Molecular Dynamics Simulations as a Tool for Probing Molecular Interactions in Hydrogen-Deuterium Exchange and Liquid Chromatography Workflows
Abstract
Proteins are biological macromolecules that are essential for countless physiological processes. Many health conditions are rooted in protein misfunction, resulting in the need to develop analytical techniques that can thoroughly study protein structures and functions. Liquid chromatography (LC)-mass spectrometry (MS) plays a key role in this context. By leveraging the separation power of LC, techniques such as hydrogen-deuterium exchange (HDX) MS can be used to decipher protein dynamics. However, the interpretation of experimental data obtained from these techniques is often hindered by an incomplete molecular understanding of the underlying physical processes. This dissertation explores how in silico tools, specifically molecular dynamics (MD) simulations, can provide novel insights into how these analytical techniques inform on the behavior of proteins and peptides.

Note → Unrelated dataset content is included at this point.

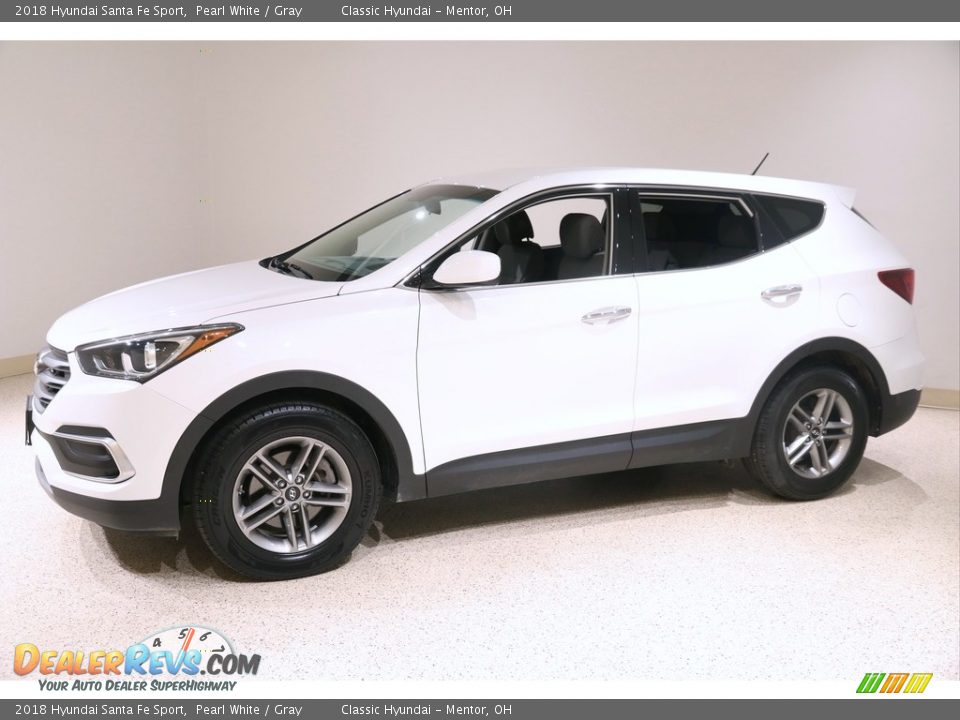 Front 3/4 View of 2018 Hyundai Santa Fe Sport  Photo #3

The work in Chapter 2 examines HDX patterns of the model protein cytochrome c in its two canonical heme oxidation states, Fe(II) and Fe(III). Previous HDX work already pointed to increased stability in the Fe(II) state, however, the molecular foundation for this stability enhancement remained elusive. We performed HDX experiments in conjunction with MD simulations of cytochrome c with different heme coordination environments, and we elucidated how these changes account for the observed HDX patterns. Additionally, our MD work uncovered large-scale protein motions that are not detectable by HDX, thereby providing evidence for the existence of “HDX silent” protein motions.
Chapter 3 showcases the first high-fidelity MD modeling of a reversed-phase LC (RPLC) stationary phase and mobile phase for studying peptide interactions that are responsible for RPLC retention. Two tryptic peptides with different physicochemical properties were modeled in water and in a water/acetonitrile (ACN) mixture. It was found that peptide/stationary phase interactions primarily involved side chains with strongly hydrophobic character. While the data were insufficient for making retention predictions, the MD setup developed in this Chapter established the foundation for conducting detailed computational analyses of peptide interactions with nonpolar stationary phases under various solvent conditions and in the presence of formate as ion pairing agent.
Chapter 4 expands on the foundation established in Chapter 3 by using additional MD tools for making peptide RPLC retention predictions. In the past, peptide retention predictions relied on algorithms that involved empirical rules or large sets of RPLC training data; however, such traditional approaches are unable to uncover the physicochemical principles that drive retention. Using four tryptic peptides and five water/ACN solvent conditions, umbrella sampling MD was used to generate retention predictions from first principles, by determining the free energy of peptide/stationary phase binding equilibria under various mobile phase conditions. This study marks the first time that MD simulations alone have been effective at predicting peptide retention, highlighting how this technique can be used as a standalone tool or to enhance existing prediction algorithms. Overall, this dissertation highlights that MD can complement experimental techniques by providing a molecular level understanding of the underlying physicochemical principles.